Output the full listing below exactly, without the pictures.
START DATA SUPPLIED
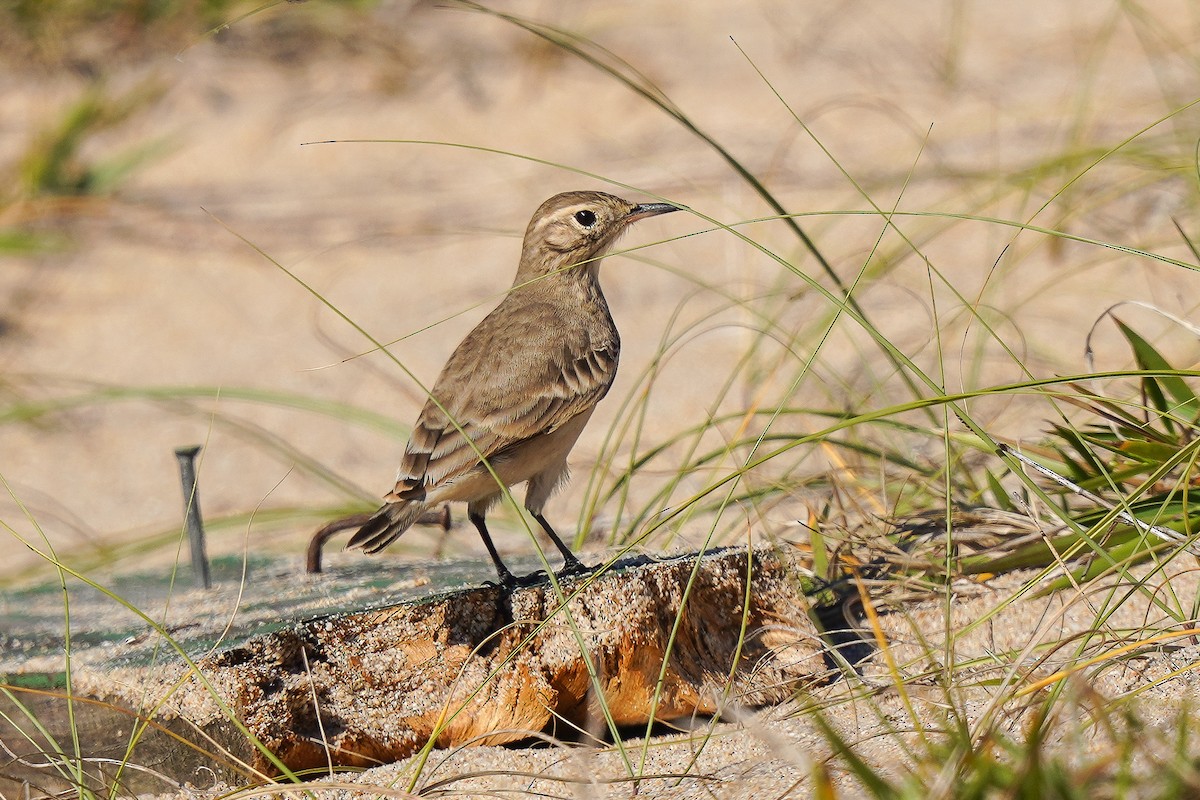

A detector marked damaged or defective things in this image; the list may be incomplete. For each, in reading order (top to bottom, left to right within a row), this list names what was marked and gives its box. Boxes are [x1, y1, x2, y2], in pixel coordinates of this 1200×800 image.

rusty metal stake [174, 443, 211, 587]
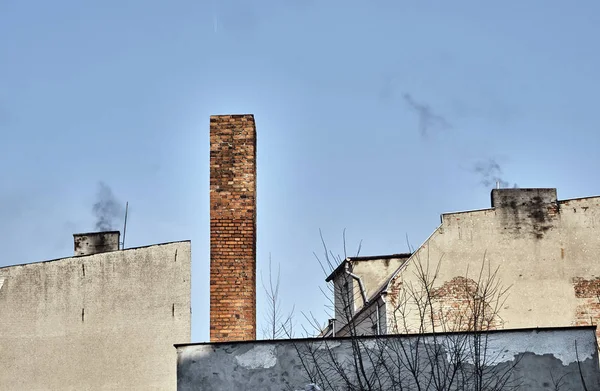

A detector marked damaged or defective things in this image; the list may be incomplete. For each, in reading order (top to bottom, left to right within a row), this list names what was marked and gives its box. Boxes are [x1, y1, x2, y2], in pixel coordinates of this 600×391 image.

peeling paint patch [237, 346, 278, 370]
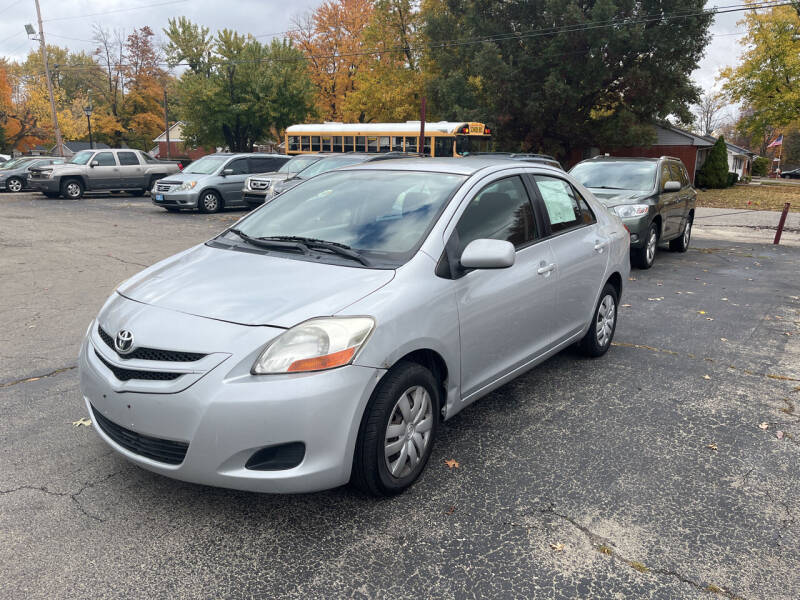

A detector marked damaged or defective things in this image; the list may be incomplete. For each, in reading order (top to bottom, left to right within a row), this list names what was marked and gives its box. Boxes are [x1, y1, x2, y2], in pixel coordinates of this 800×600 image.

crack in pavement [0, 366, 76, 390]
crack in pavement [0, 472, 122, 524]
crack in pavement [536, 502, 752, 600]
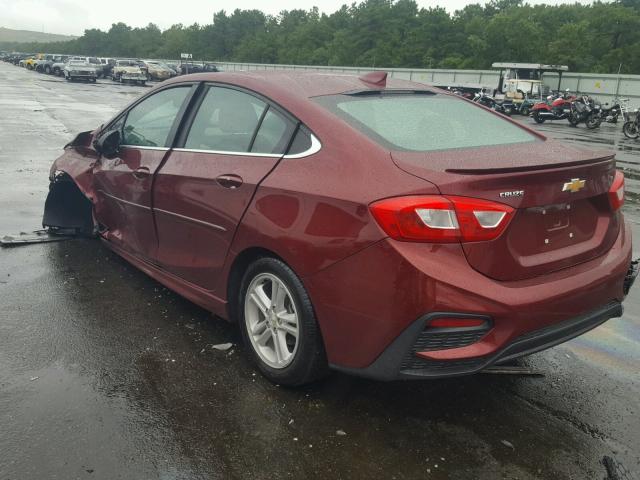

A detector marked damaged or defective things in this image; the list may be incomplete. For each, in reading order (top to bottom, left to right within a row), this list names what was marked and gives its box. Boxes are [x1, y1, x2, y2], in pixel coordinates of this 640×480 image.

damaged front door [92, 84, 192, 260]
damaged maroon car [43, 71, 636, 386]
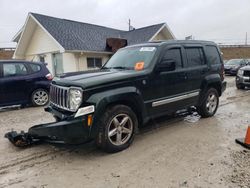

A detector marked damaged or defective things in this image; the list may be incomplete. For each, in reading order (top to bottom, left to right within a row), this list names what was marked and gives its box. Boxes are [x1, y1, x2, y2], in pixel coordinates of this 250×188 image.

damaged front bumper [4, 106, 93, 147]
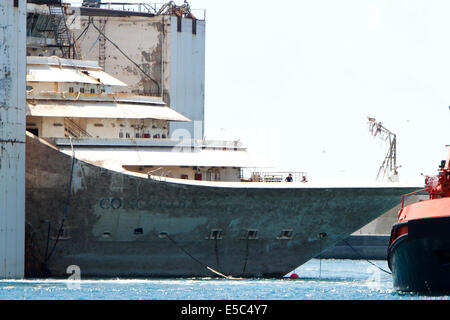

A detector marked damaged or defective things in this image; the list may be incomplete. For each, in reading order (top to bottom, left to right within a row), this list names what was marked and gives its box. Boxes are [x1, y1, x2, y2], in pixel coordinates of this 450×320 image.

rusted metal surface [25, 133, 422, 278]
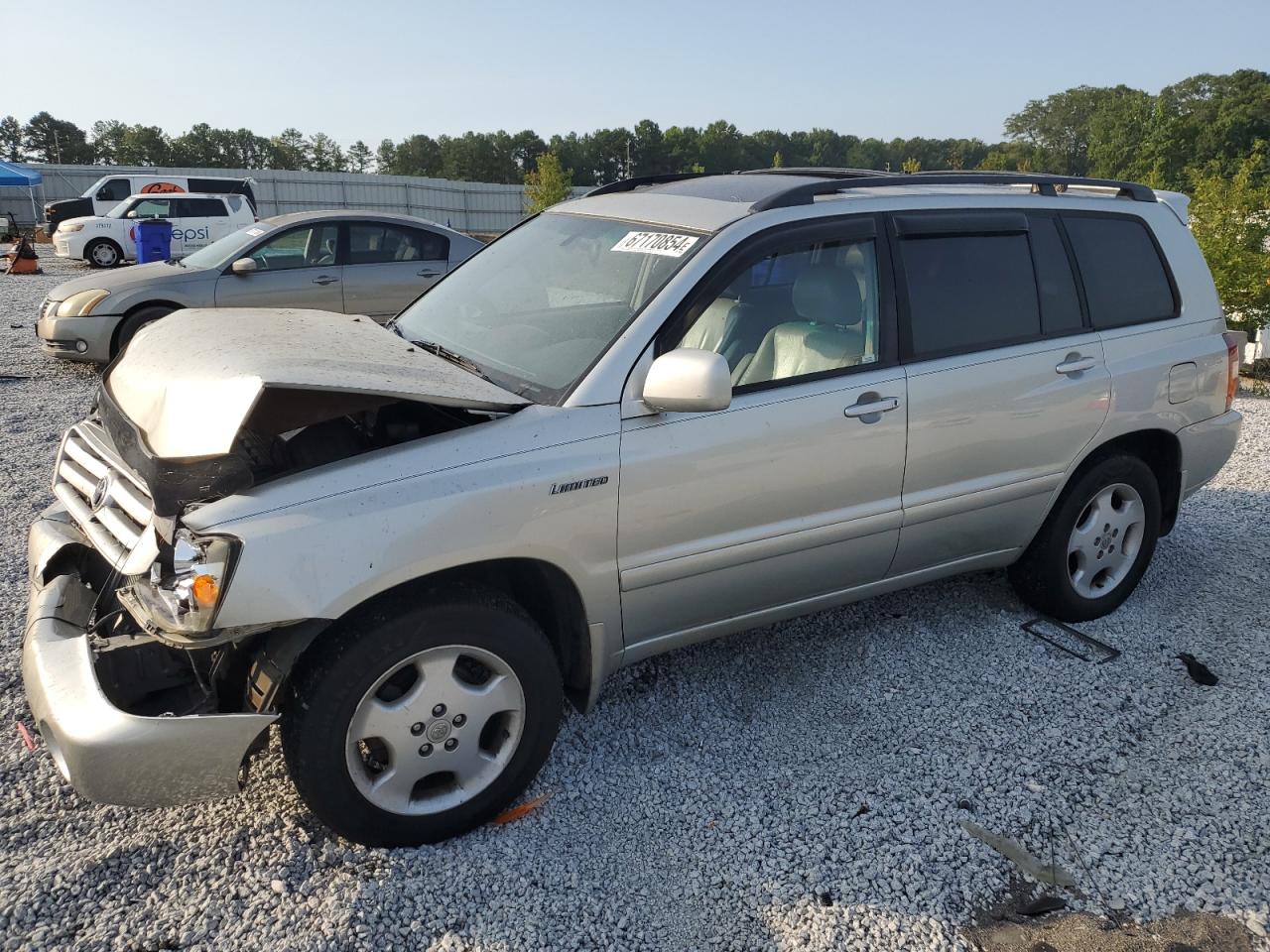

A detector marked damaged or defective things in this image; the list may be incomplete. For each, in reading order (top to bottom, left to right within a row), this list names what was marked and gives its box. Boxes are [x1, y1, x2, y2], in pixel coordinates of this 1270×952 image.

crushed front bumper [22, 508, 276, 805]
broken headlight [127, 532, 240, 635]
crumpled hood [103, 307, 532, 460]
damaged toyota highlander [22, 171, 1238, 849]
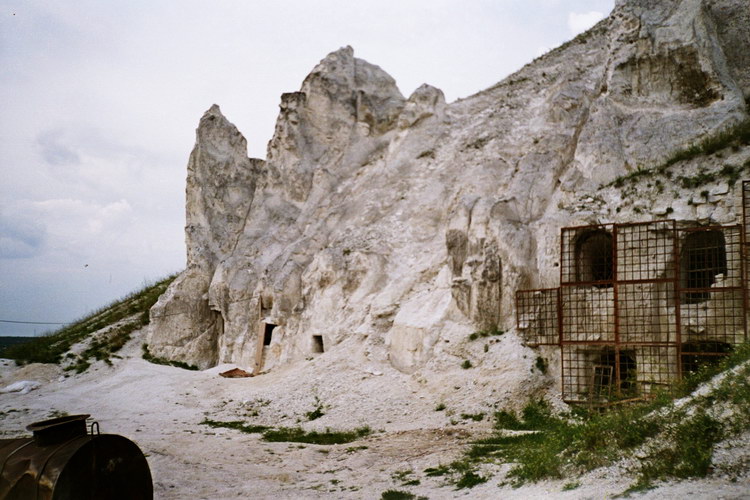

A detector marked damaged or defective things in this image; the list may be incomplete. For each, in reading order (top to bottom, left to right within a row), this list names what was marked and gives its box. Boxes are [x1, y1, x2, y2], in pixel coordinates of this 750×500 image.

rusty metal grille [520, 288, 560, 346]
rusty metal grille [520, 216, 748, 406]
rusty barrel [0, 414, 153, 500]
END DATA SUPPLIED
SOLUTION BELOW -
A detector marked damaged or defective things in this image; the list may be incomplete. For each, in reading order (top to bottom, left to right within a row), this list names what was marked and gives its box. Boxes are [x1, y1, x2, y2], in pixel coordinates of this 1200×800 image.

rusty metal stake [174, 443, 211, 587]

A detector marked damaged or defective things in this image; the list may be incomplete. For each, in reading order (top to bottom, left to right within a row), this list names what was marked and gives its box. Boxes are [x1, y1, x2, y2], in pixel coordinates of this 600×391 image.

peeling paint patch [237, 346, 278, 370]

A detector marked damaged or defective things in this image; the list may be incomplete. For each, in reading order (top to bottom, left to right within a row), this list names what was marked and gives its box. Boxes are [x1, y1, x2, y2], in pixel coordinates of this 800×600 image.

crack in pavement [0, 366, 76, 390]
crack in pavement [0, 472, 122, 524]
crack in pavement [536, 502, 752, 600]

A detector marked damaged or defective things in this image; the list may be incomplete. For each, in reading order (top to bottom, left to right within a row), this list names what was marked and gives its box. Boxes are [x1, y1, x2, y2], in pixel coordinates of this 640×480 image.

damaged front door [92, 84, 192, 260]
damaged maroon car [43, 71, 636, 386]

A detector marked damaged or defective things in this image; the list may be incomplete. For each, in reading order (top to bottom, left to right within a row), this list names what was marked and gives its box. Boxes are [x1, y1, x2, y2], in pixel coordinates of this 250×188 image.

damaged front bumper [4, 106, 93, 147]

A detector marked damaged or defective things in this image; the list may be incomplete. For each, in reading order (top to bottom, left to right within a row), this list names what was marked and gives its box. Boxes are [x1, y1, x2, y2], in pixel coordinates of this 450×320 image.

rusted metal surface [25, 133, 422, 278]

A detector marked damaged or defective things in this image; the list may be incomplete. For each, in reading order (top to bottom, left to right within a row), this list names what was marked and gives its box. Boxes are [x1, y1, x2, y2], in pixel coordinates of this 1270×952 image.

crushed front bumper [22, 508, 276, 805]
broken headlight [127, 532, 240, 635]
crumpled hood [103, 307, 532, 460]
damaged toyota highlander [22, 171, 1238, 849]

A detector marked damaged or defective things in this image; the list may be incomplete. For each, in reading order (top to bottom, left to right within a row), this list names what was marked and gives its box. Boxes are [x1, y1, x2, y2], in pixel coordinates of this 750×500 image.

rusty metal grille [520, 288, 560, 346]
rusty metal grille [520, 216, 748, 406]
rusty barrel [0, 414, 153, 500]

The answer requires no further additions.